July 09, 2018
Maori seats only guarantee of representation
Labour’s deputy Leader Kelvin Davis says the Māori seats remain a vital way for Māori to be represented in the affairs of the nation, and he’d like to see them entrenched.
Te Tai Tonga MP Rino Tirikātene has a bill requiring a 75 percent majority before any changes could be made to the seats.
New Zealand First leader Winston Peters has said his party won’t vote for unless it is supported by a referendum that also asks whethee the seats should remain at all.
Mr Peters says MMP has delivered a greater number of Māori MPs, but Mr Davis says only the Māori seat MPs are accountable to Māori voters.
"For me the seats are really important for us as Māori people to ensure we have our representation because if they go, there is no guarantee of representation," Mr Davis says.
He says the fact Labour holds all seven Māori seats has allowed the Māori dimension to be factored into a number of policies now going through the cabinet process.

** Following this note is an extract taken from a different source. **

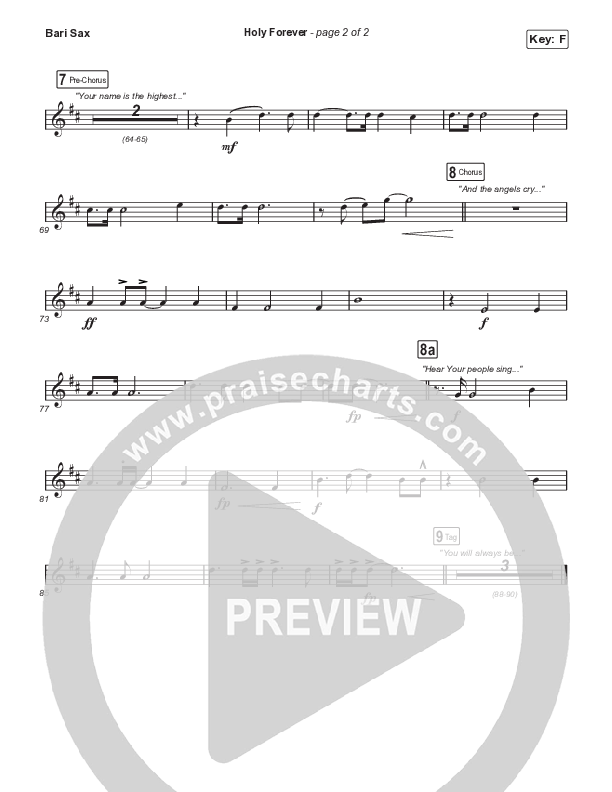 Holy Forever (Choral Anthem SATB) Bari Sax (Bethel Music / Arr. Mason Brown)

In the Māori electoral option, 34 more people switched from the General electoral roll to the Māori roll during June, than went the other way,reversing the trend of the first two months when the Māori roll shrunk
The exercise has drawn in younger voters, with the number of new enrolments of Māori onto the general roll almost doubling in the month to 1402, and almost 1000 signing on to the Māori roll, which is now 2114 up.
That means the increase in the general roll three quarters of the way through the option is (3948) just under 4000, well short of the 10,000 that would trigger the loss of the seventh seat.